The Mandatory Nature of CPD

Love it or hate it, we all have to do continuing professional development (CPD).

One lawyer hated it so much that he refused to do it at all. When the Law Society of Manitoba automatically suspended him, he took his challenge all the way to the Supreme Court of Canada.

As you might expect, the lawyer was unsuccessful on his appeal in Green v. Law Society of Manitoba, released this week. The law society was empowered under the Legal Profession Act to achieve its mandate of self-regulation and protecting the public interest. The power to create a CPD scheme must also come with the power to enforce a CPD scheme.

Justice Abella’s dissent didn’t take issue with the ability of the law society to suspend a lawyer for refusing to follow the rules. She took issue with their ability to do so automatically, without a right to hearing or opportunity to make representations. Of course the suspended lawyer did make representations, but only in his application for declaratory relief to the court, and through his counsel.

The lawyer in question had been practicing for over 60 years, which is quite an accomplishment in itself. He likes to point out that there was no (official) indication of incompetence necessitating his suspension. Perhaps it’s for the best, but he’s chosen to retire now rather than to take the mandatory CPD, which would have automatically had him reinstated.

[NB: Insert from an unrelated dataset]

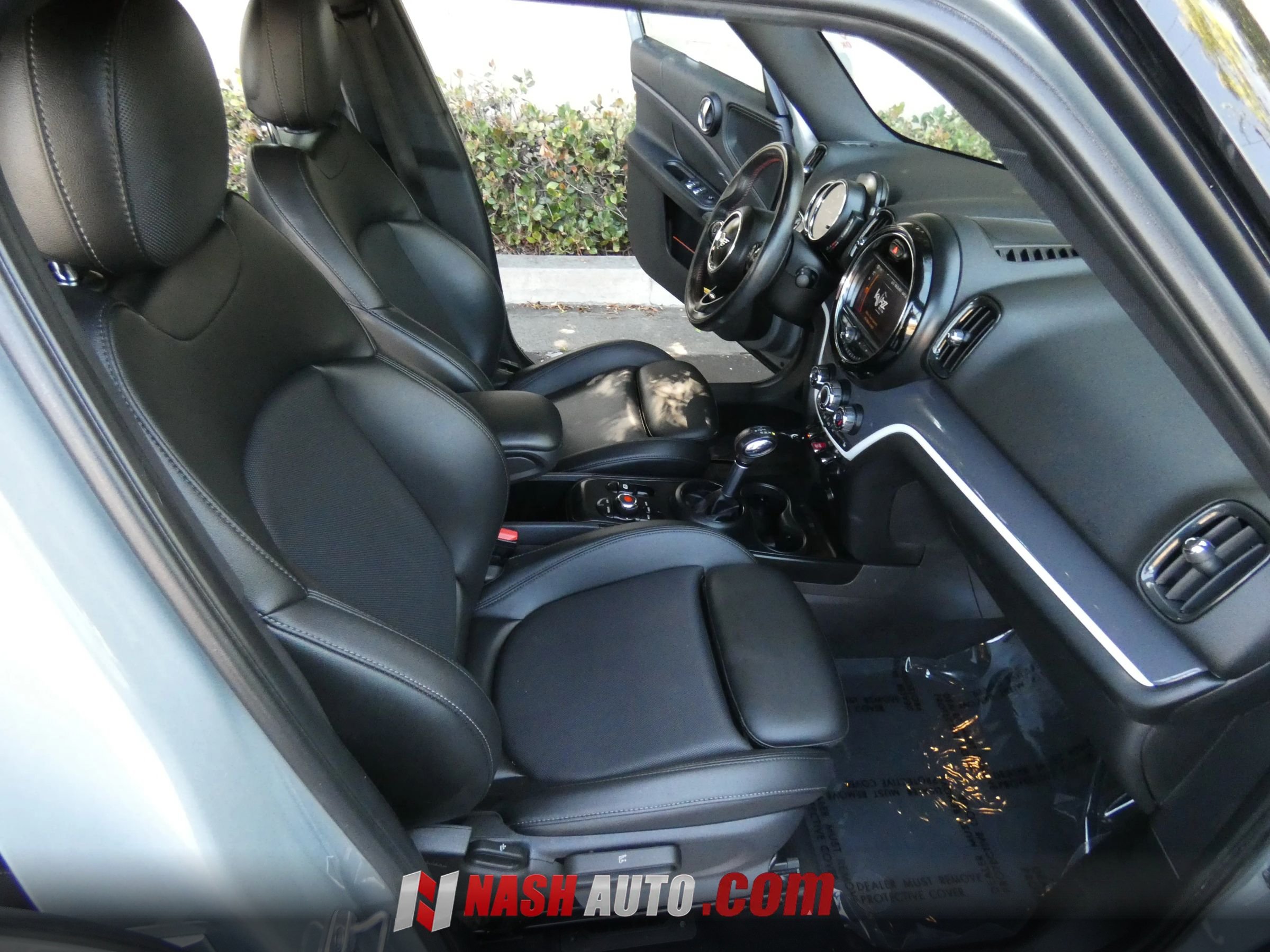 Used 2019 MINI Cooper Countryman S FWD image 26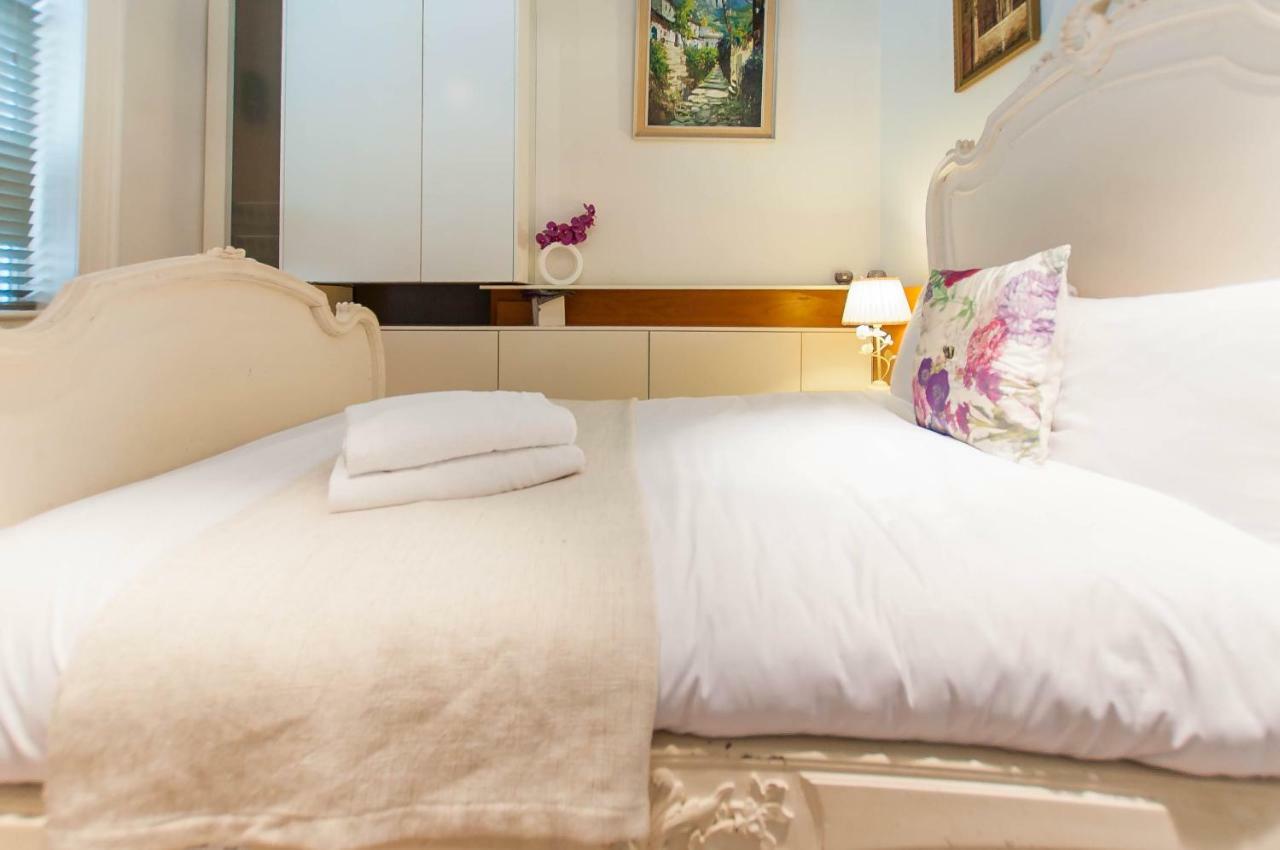1 Bed Exclusive Apartment Porchester Sq Bayswater Londra Esterno foto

Aside from the fact that he was being compelled to do it, I’m not exactly sure what the lawyer was objecting to with mandatory CPD. Granted, many lawyers simply complete it to check off a box. But many more actually benefit from CPD, gaining useful insight into strategy and techniques, obtaining copies of checklists and precedents, or learning about new and emerging areas of law.

The social aspect of CPDs are also a significant draw. The isolation often experienced by practice is often ameliorated by greater informal interactions in the bar. Frequent interactions of this type are also likely to enhance civility.

Of course if you hate all the other lawyers in your jurisdiction and want nothing to do with them, there are still other options. If you’re feeling particularly like a recluse, you can often engage in self-study. However, I don’t think this lawyer was a particular hermit because he was a life-bencher of Manitoba’s law society. Those guys like to talk.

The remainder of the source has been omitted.